Mengatasi Kecanduan Game Online pada Anak

13 Oktober 2019 Artikel Pendidikan


Tak bisa dipungkiri bahwa game merupakan suatu kegiatan yang telah menjadi budaya dalam kehidupan masyarakat modern. Banyak anak kecil hingga remaja Indonesia menghabiskan sekian jamnya hanya untuk memainkan sebuah game pada layar komputer mereka. Satu hal yang perlu Anda ketahui bahwa segala sesuatu, apapun itu, bila dilakukan secara berlebihan, maka akan mendatangkan banyak kerugian bagi yang menggunakannya.

Di beberapa negara besar, kecanduan game ini digolongkan sebagai kecanduan yang berbahaya dan memerlukan penanganan yang serius. Jika dipikirkan lebih dalam lagi, ternyata dampak dari game online lebih banyak negatifnya daripada positifnya. Ada banyak dampak negatif seperti kesehatan yang menurun, perubahan pola hidup, psikologi, hubungan sosial, tindakan kriminal, dan bahkan hingga kematian.
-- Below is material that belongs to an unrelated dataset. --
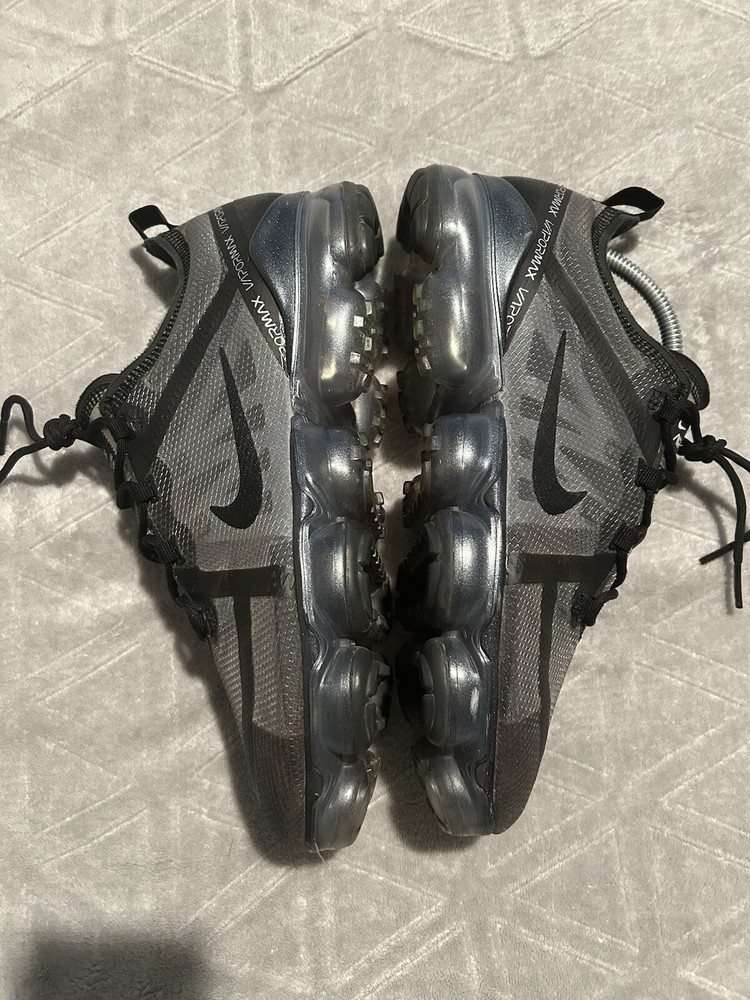 Size 9.5 - Nike Air Vapormax 2019 Ghost Black Grey AR6631-004 🧼CLEAN 9/10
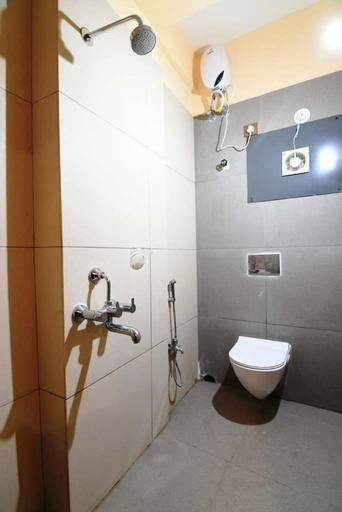 Bathroom 4, N B Sonar Bangla Hotel, Nadia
Tak heran banyak orang tua melarang keras anaknya untuk tidak memainkan game online dengan porsi yang lama. Tentunya kita sebagai orang tua harus mencari solusi agar anak-anak kita bisa terlepas dari candu game online, atau setidaknya menguranginya.

Berikut ini adalah beberapa cara yang bisa anda lakukan untuk mengatasi kecanduan anak pada game online:

Pahami kebutuhan anak

Setiap anak pasti ingin dituruti keinginan dan berbagai macam kebutuhannya entah itu material atau dalam hal psikis. Namun, pada dasarnya anak secara umum butuh kasih sayang dari orang tua. Pahamilah apa kebutuhan anak anda dengan cara berkomunikasi dengan lembut dan beritahu ia bahwa bermain game sesering itu tidak baik bagi dirinya serta hal ini sebaiknya dilakukan sebelum tidur agar anak lebih bisa menyimpan apa yang telah dibicarakan.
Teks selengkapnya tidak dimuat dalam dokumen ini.